[Records supplied]
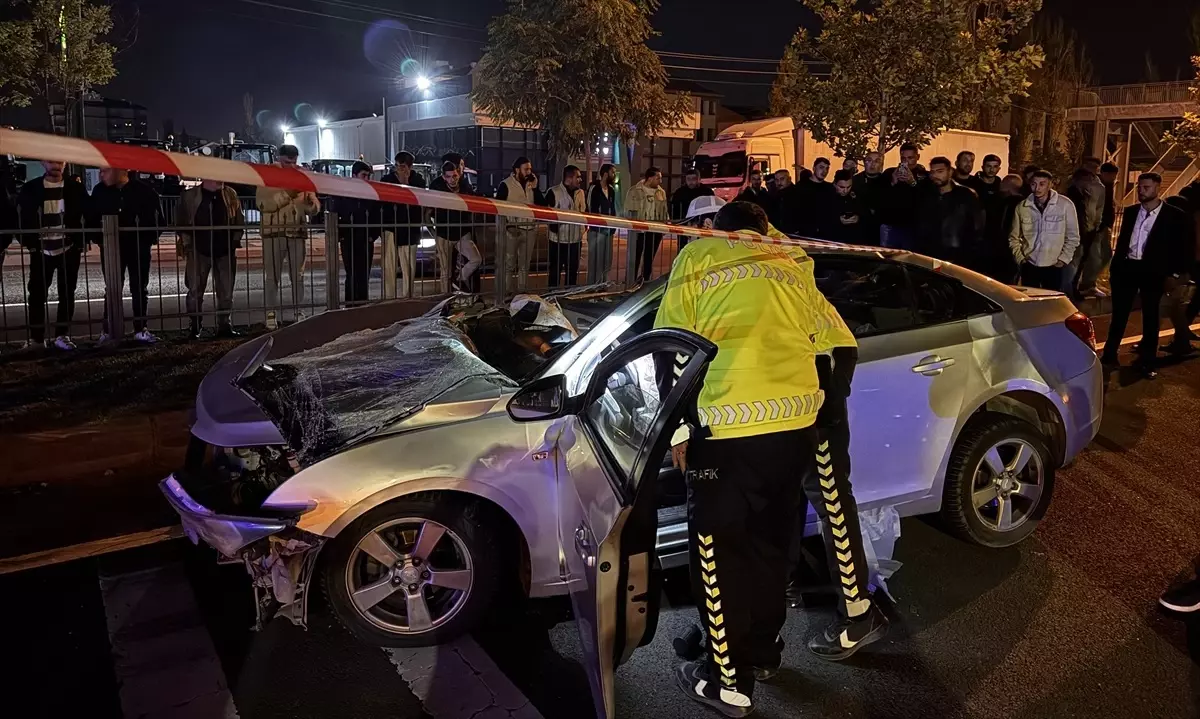 aksarayda trafik kazasi 1 olu 1 yarali gldxMYjs.jpg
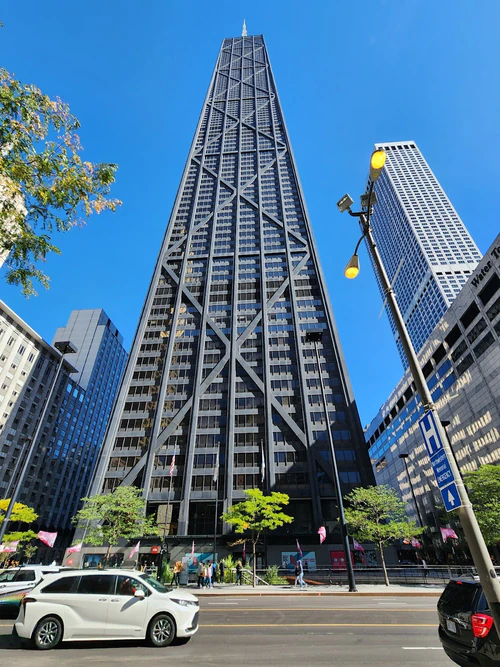 875 North Michigan Avenue in Chicago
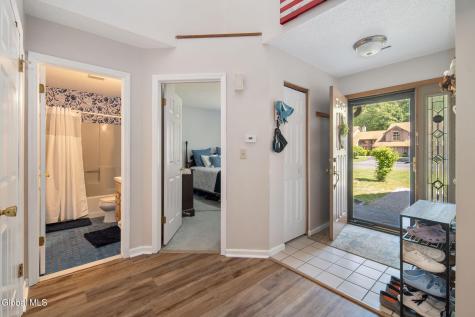 4034 Georgetown Square Schenectady NY 12303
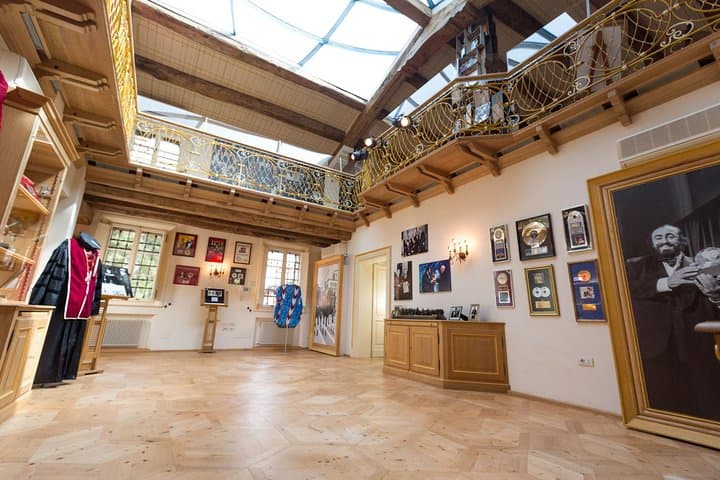 Skip the Line: Pavarotti Museum - Official Ticket + Audioguide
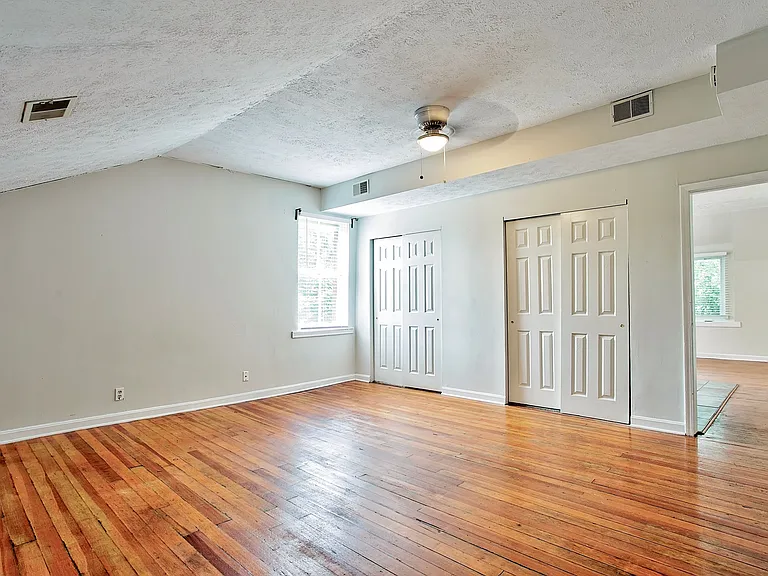 125 W 5th St #3 — Photo 4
[/Records supplied]
— Required action —
Every line of the data above is to be repeated exactly; the images are to be left out.

— Answer area —
 aksarayda trafik kazasi 1 olu 1 yarali gldxMYjs.jpg
 875 North Michigan Avenue in Chicago
 4034 Georgetown Square Schenectady NY 12303
 Skip the Line: Pavarotti Museum - Official Ticket + Audioguide
 125 W 5th St #3 — Photo 4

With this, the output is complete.